To expand on --name-mapping – when using multisample VCFs, hairpin2 compares VCF sample names found in the VCF header to SM tags in alignments to match samples of interest to the correct alignment. If these IDs are different between the VCF and alignments, you’ll need to provide a JSON key. If there are multiple samples of interest in a multisample VCF, and therefore it is necessary to provide multiple alignments, you will need to provide a mapping for each pair - e.g. -m '{"sample1":"SM1", "sample2":"SM2", ...}' or -m '{"sample1:"1.bam", ...}'. If there is only one sample of interest, and therefore only one alignment is provided to the tool, then you also have an optional shorthand - you need only indicate which VCF sample is the sample of interest, e.g. -m '["TUMOR"]'. When there is only one sample of interest, and therefore one alignment, but the sample of interest may have one of several possible names, you may also provide a comma separated string of possible names for the sample of interest, e.g. -m '["TUMOR", "TUMOUR"]' - users have found this valuable for high throughput workflows where the VCF input may be coming from one of several prior tools or callers (which may name samples differently). In all cases, there must be one and only one match between each alignment and VCF sample. In all cases, a path to a JSON file may be provided instead of the JSON string. Note that a VCF containing both a TUMOUR and a NORMAL sample contains 2 samples, and therefore is a multisample VCF.

hp2-utils

hairpin2 comes with a daughter tool, hp2-utils. hp2-utils provides some additional functionality to assist with the usage of hairpin2.

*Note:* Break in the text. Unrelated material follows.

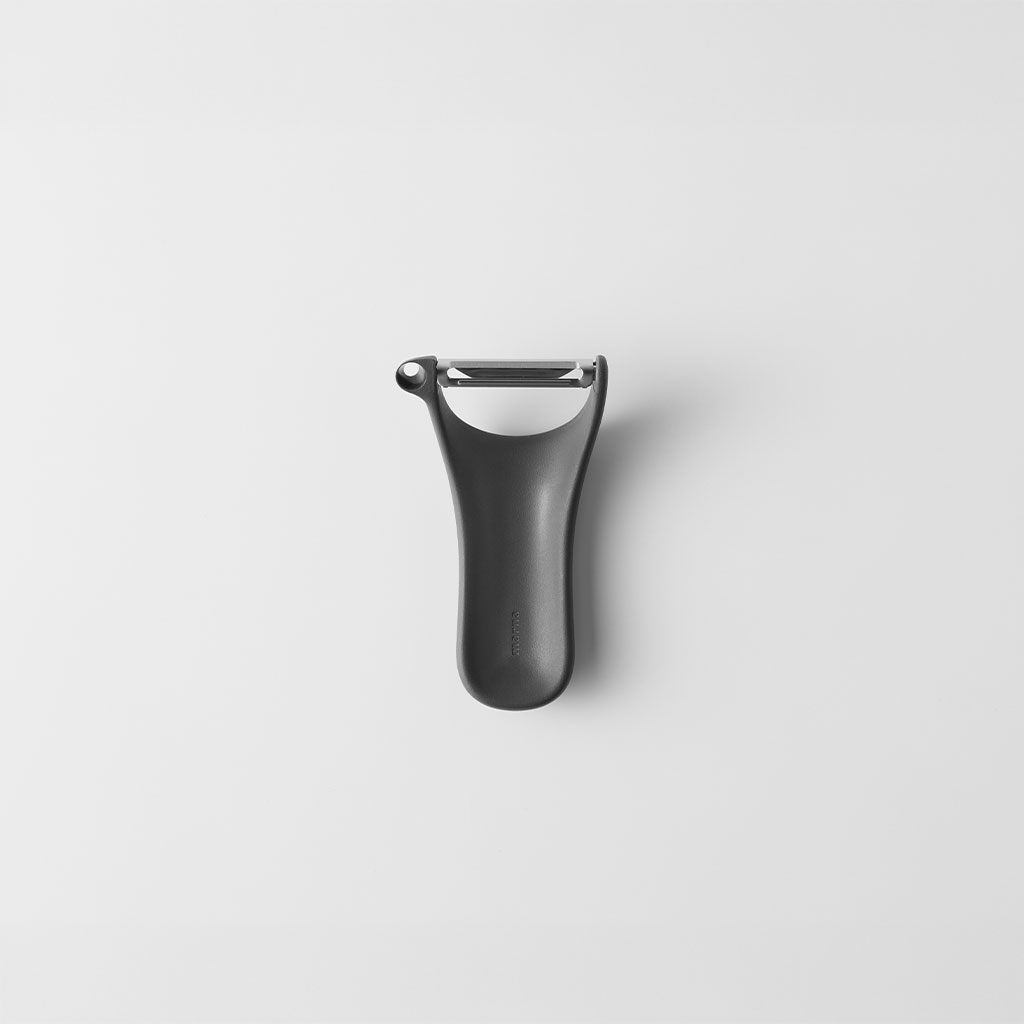 Top-down photo of a stainless steel peeler with a dark handle centered on a white background.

Usage: hp2-utils [OPTIONS] COMMAND [ARGS]...

Options:
  --help  Show this message and exit.

Commands:
  explain-var  explain a hairpin2 flagging decision
  get-params   get run parameters from a VCF

explain-var

explain-var operates on any of the INFO fields set by hairpin2 in the output VCF, revealing the specific reasoning as to the decision the tool made for a given flag. This is very useful when tuning hairpin2 to new data, or querying results about which you are curious. Usage is as follows:

hp2-utils explain-var "ADF=G|PASS|0x77|19|BOTH"  # an example INFO string

returning:

FLAG: ADF
ALT: G
variant outcome was PASS via conditions ['NO_TESTABLE_READS', 'INSUFFICIENT_READS', 'EDGE_CLUSTERING', 'BOTH_STRAND_DISTRIB_BOTH', 'BOTH_STRAND_DISTRIB_ONE', 'MIN_NON_EDGE'] on strand BOTH
reads examined: 19

More information can be found at Understanding Decisions.

get-params

hairpin2 stores all run parameters in a reduced representation in the header of the output VCF. get-params allows translation of the stored parameters back into a JSON, which can then be used for other hairpin2 runs. Usage of get-params is as follows:

hp2-utils get-params my.hairpin2.vcf > parameters_used.json

More information can be found at Reproducibility & Parameter Distribution.